Granted, Bruge’s forthcoming underground beer pipeline doesn’t have as much devastating black-hole-creating potential as the Large Hadron Collider (which can apparently only be taken out by a weasel…really). But it’s still a bit freaky and futuristic. (And if we’re being figurative, could create a kind of black hole in your memory?)
The idea actually came to Xavier Vanneste, head of De Halve Maan (The Half Moon) as he was watching workers lay utility cables under the streets. Most people would just think “ah, there go some more taxes.” Vanneste had a better idea. He wanted to put his breweries beer into those pipes.
Well, not exactly those pipes. His pipes were made from polyethelyne tubes, apparently “stronger than steel.” And yes, they’re about to become fully functional, piping 1500 gallons of beer per hour—yeah, imagine that—to the brewery’s bottling plant two miles away.
Vanneste isn’t just saving money on trucking costs. Bruges’ city center is a Unesco World Heritage site. His trucks were clogging up its cobblestone streets. Now, or very soon, the beer will simply be piped, unobtrusively, underground.
The best part, for extremely wealthy Belgians anyway, is you can actually buy into the project to help fund it. According to the Wall Street Journal, “the most expensive ‘gold’ membership, which costs €7,500, entitles the holder to an 11-ounce bottle of Brugse Zot beer (retail price, €1.70) every day for life, along with 18 personalized glasses.” (And yes, a dude bought that.)

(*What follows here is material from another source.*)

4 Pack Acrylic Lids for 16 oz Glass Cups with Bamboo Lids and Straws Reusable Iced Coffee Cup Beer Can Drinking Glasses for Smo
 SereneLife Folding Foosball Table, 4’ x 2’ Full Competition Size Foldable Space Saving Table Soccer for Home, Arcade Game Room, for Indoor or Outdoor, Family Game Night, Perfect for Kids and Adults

Most everyone is happy with the pipeline (except for a few plucky residents who’d hoped they could literally tap into it). The mayor of Bruges actually called it a “breakthrough.” And considering how much money could be saved on trucking costs, not to mention those pesky fumes, the Half Moon model might just inspire a few other—ideally a few Stateside—breweries to follow suit and go underground.